#### The data:
____________

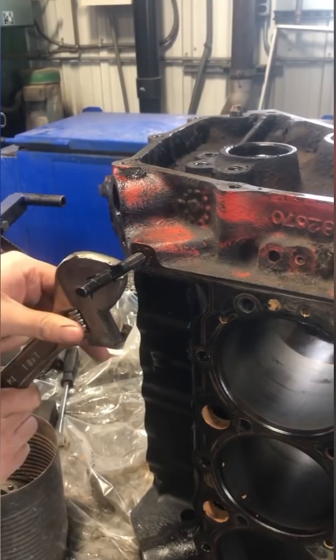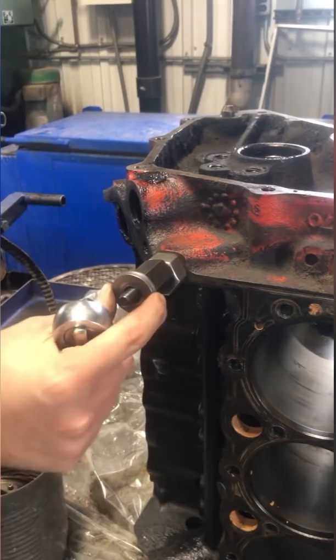Next I screw a stud into the freshly tapped hole and set some nuts and a washer over the stud as spacers. Next I tighten a nut onto the stud which in turn pulls the plug out of the block.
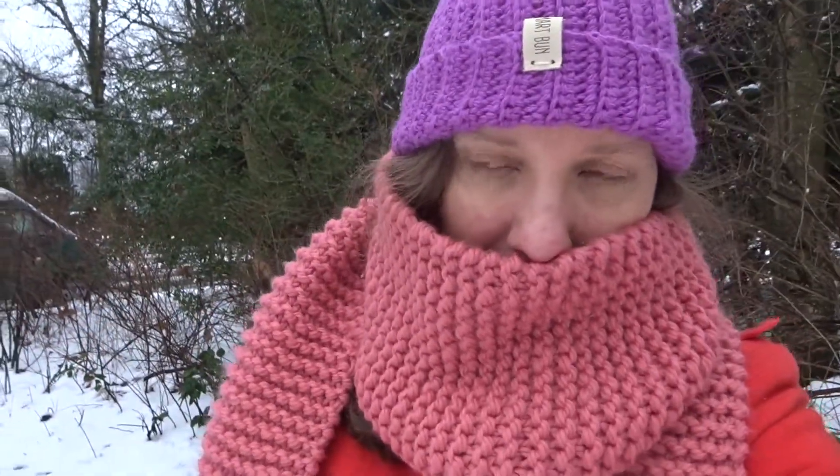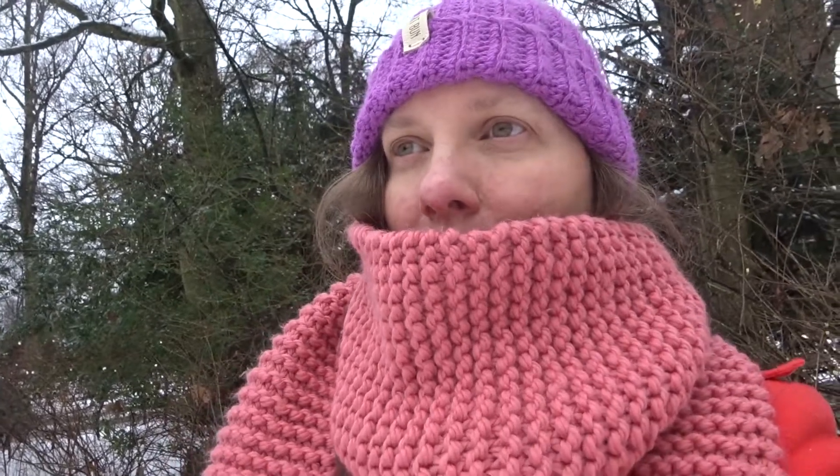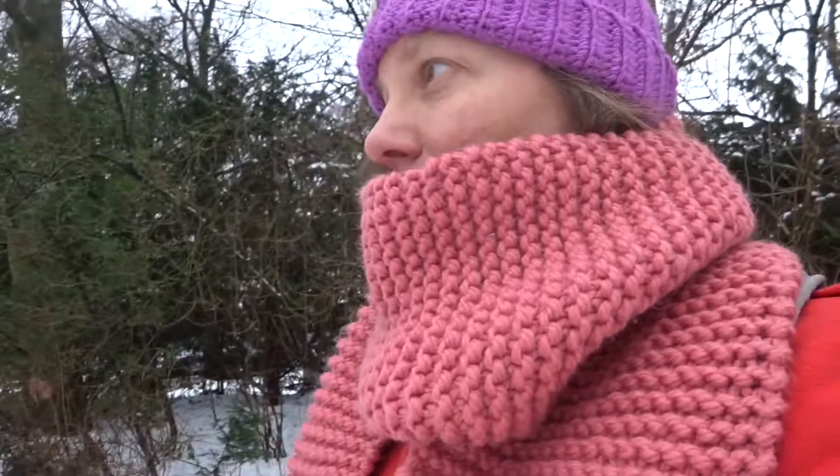I also made this hat and it's pretty cozy. It's made of luxury yarn from Lana Grossa or Lang Yarns — this is my favorite. It's sheep wool, merino.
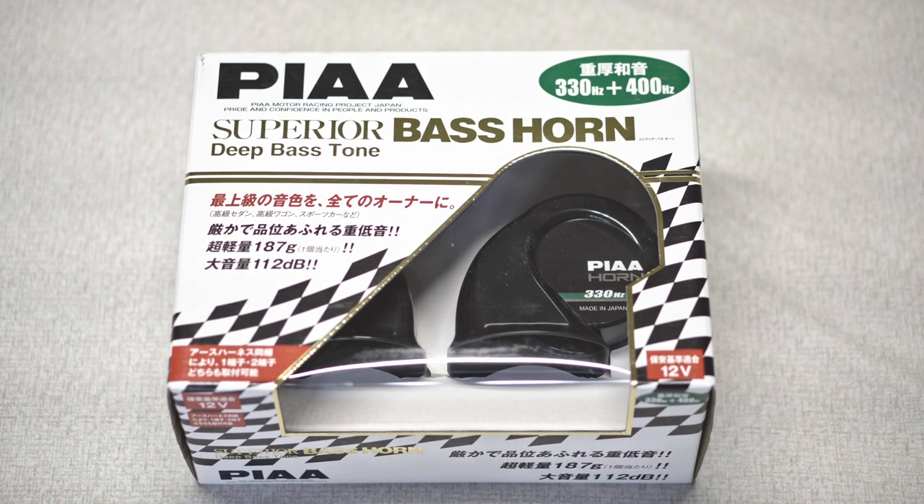We got the PIAA Superior Bass Horn — deep bass tone. This is the combo of 330 hertz and 400 hertz frequency to get that deep bass sound that we want.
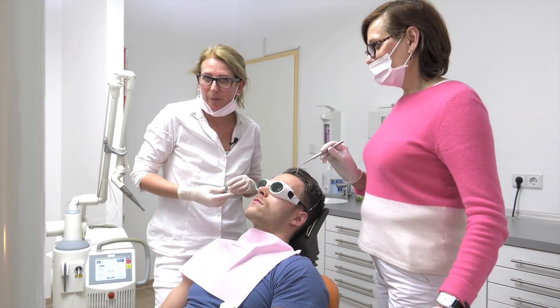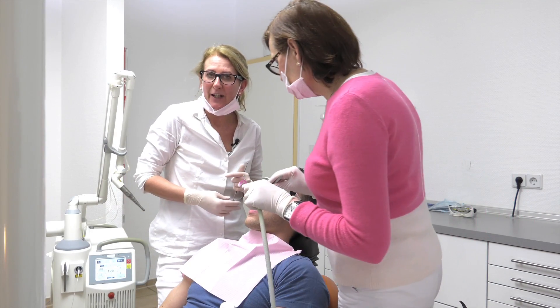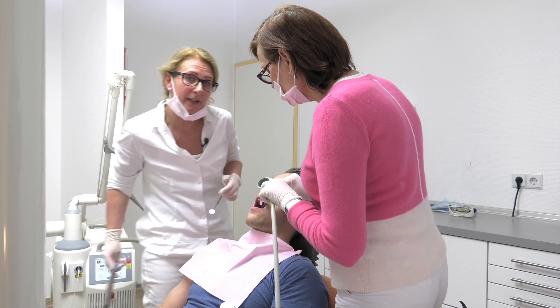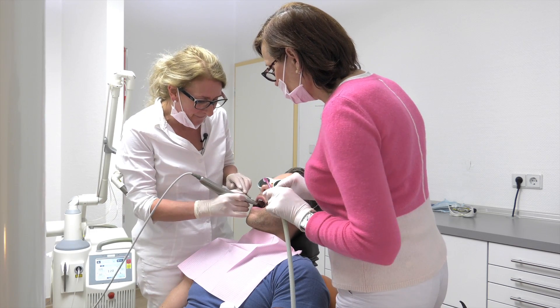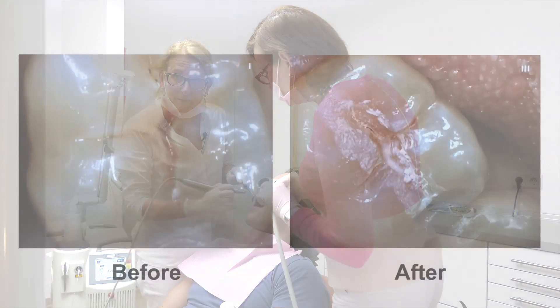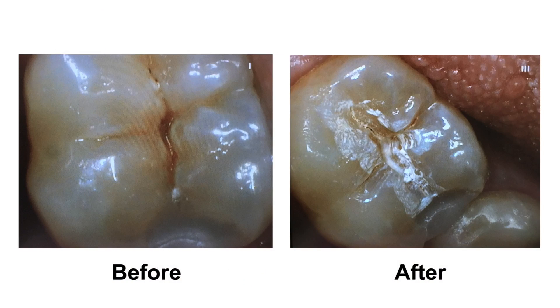The laser preparation is done and I show you in a picture how the preparation looks by using the Erbium YAG laser. And here's the photo. You can see the difference to the drill preparation because the laser takes off each crystal.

____________

#### What this task involves:
Reproduce the final stretch of lines exactly: the line containing "I also made" through the last line of the data, both included. Pictures do not belong in the copy.

#### Reply to the exercise:
I also made this hat and it's pretty cozy. It's made of luxury yarn from Lana Grossa or Lang Yarns — this is my favorite. It's sheep wool, merino.
We got the PIAA Superior Bass Horn — deep bass tone. This is the combo of 330 hertz and 400 hertz frequency to get that deep bass sound that we want.
The laser preparation is done and I show you in a picture how the preparation looks by using the Erbium YAG laser. And here's the photo. You can see the difference to the drill preparation because the laser takes off each crystal.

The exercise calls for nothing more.